Klar sollte man nur Filter freies Footage drehen (Effekte kan man nachher einfügen), aber ich wollte halt nur sagen, dass ich mir das gut vorstellen kann, dass die für dieses Koch-studio die Kamera-Effekte verwendet haben...


----------



## meta_grafix (28. Juli 2004)

Ich habe aber immer noch keine Ahnung wie der Bewegungseffekt aussieht, hab nur das zweite Buch von Jamie.


----------



## Schnip-Schnap (28. Juli 2004)

schau dir die Sendung am Wochenende an. Die läuft immer Samstags Morgens so gegen 10-12 und noch an anderen Tagen, aber da kucke ich nicht zu. Den Effekt bauen sie jedes mal ein wenn sie zeigen, dass der irgendwo hin fährt oder was macht, was nichts mit Kochen zu tun hat.


----------



## Schnip-Schnap (23. August 2004)

So, da es offensichtlich zu schwer war zu erklären was ich meine, kann ich es euch jetzt zeigen.
Auf der Seite http://service.gmx.net/mc/XqJdR9WRdK5uCCe7qNpA9GOkccUTMD
liegen 2 Videos. Diese sind kein Stream, daher bitte zuerst downloaden, dann Abspielen. Kodiert mit Windows Media 9.

Ich denke damit wird klar, was ich meine. Die Farben könnte ich eventuell auch selber so hinbekommen, aber wie verfremdet man so die Bewegungen?
PS: das Original läuft jeden Samstag auf RTL2 10:30-12:00.

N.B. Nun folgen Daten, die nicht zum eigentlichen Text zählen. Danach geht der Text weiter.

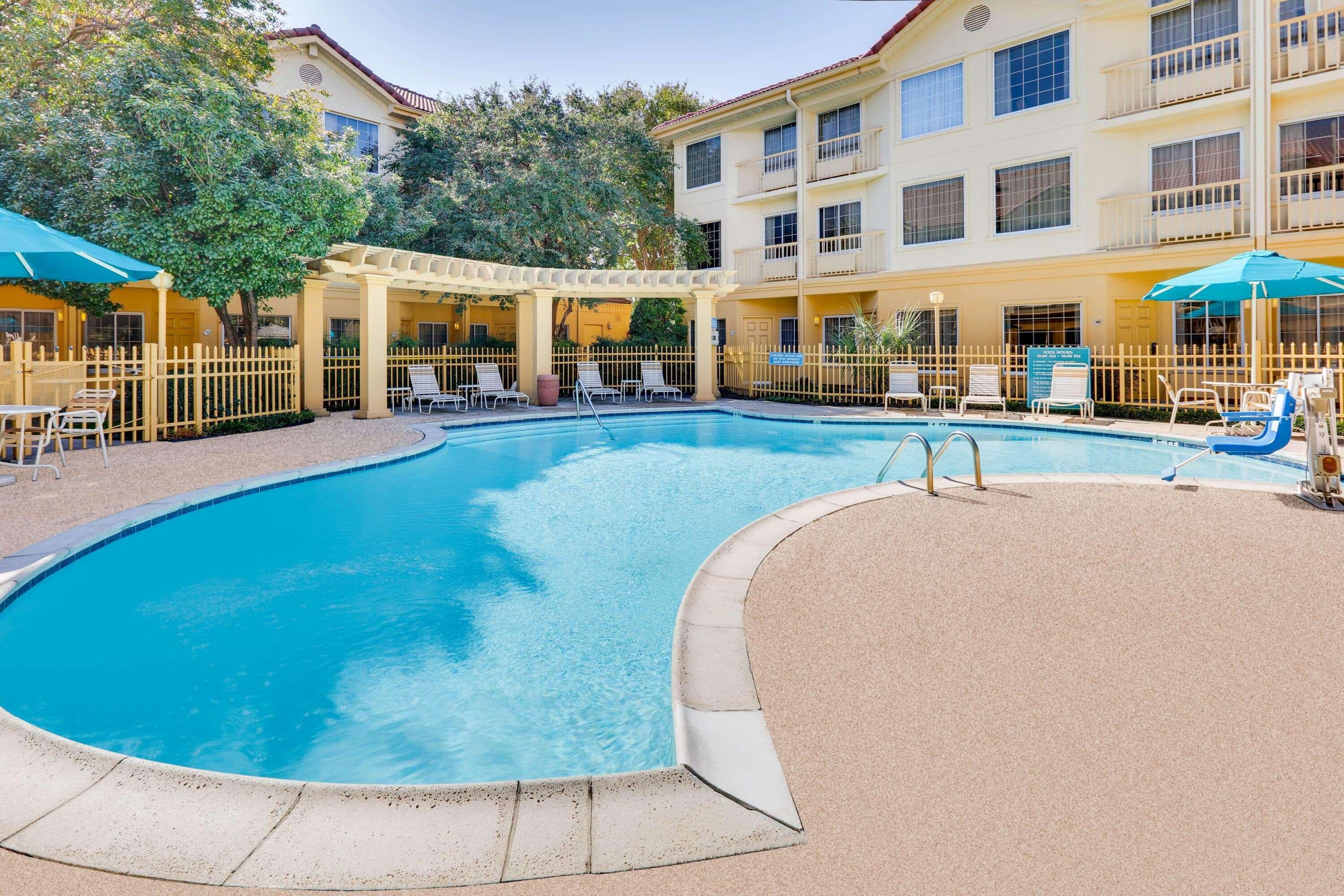 La Quinta By Wyndham Dallas - Addison Galleria Εξωτερικό φωτογραφία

Danke für eure Anregungen!


----------



## meta_grafix (23. August 2004)

So,

ich konnte im ersten Teil einige Timeramps entdecken. Geschickte Schnitte und mit Bewegungsunschärfe belegte Wackler, ggf. auch etwas beschleunigt oder verlangsamt, in beiden Teilen. Vielleicht ist da auch etwas Footage gezoomt worden um die Wackler nachträglich einbauen zu können (die alten Tricks  ). Auf jeden Fall wurde alles in der Postproduction realisiert.

Bye


----------



## Schnip-Schnap (25. August 2004)

Danke für die Analyse!

und jetzt noch mal für doofis wie man das realisiert. Mit Premiere oder meinetwegen mit AE. Wenn AE, dann bitte ganz ausführlich, weil nix wissen wie AE benutzen (OK ein bisschen, aber reicht nicht für aufwendige Sachen).

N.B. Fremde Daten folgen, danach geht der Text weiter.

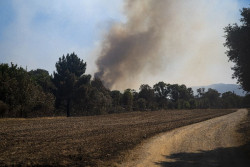 Bombers levanta el confinamiento y deja volver a los evacuados por el fuego de la Bisbal (Girona)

Das Footage zoomen mit Premiere brauchst du mir nicht erklären. Das kriege ich hin. 
-Bewegungsschärfe?
-Belegte Wackler?
-es sieht zum Teil aus, als ob da zwischendurch immer wieder frames fehlen? Zumindest nach meiner Auffassung kann man so Ruckler einbauen. Aber das ist doch Schweinearbeit! Kann man das anders realisieren?

zu den Farben: haben die hier einen Ton übersteuert? Oder gibt es da andere Techniken für soche Verfremdungen?


----------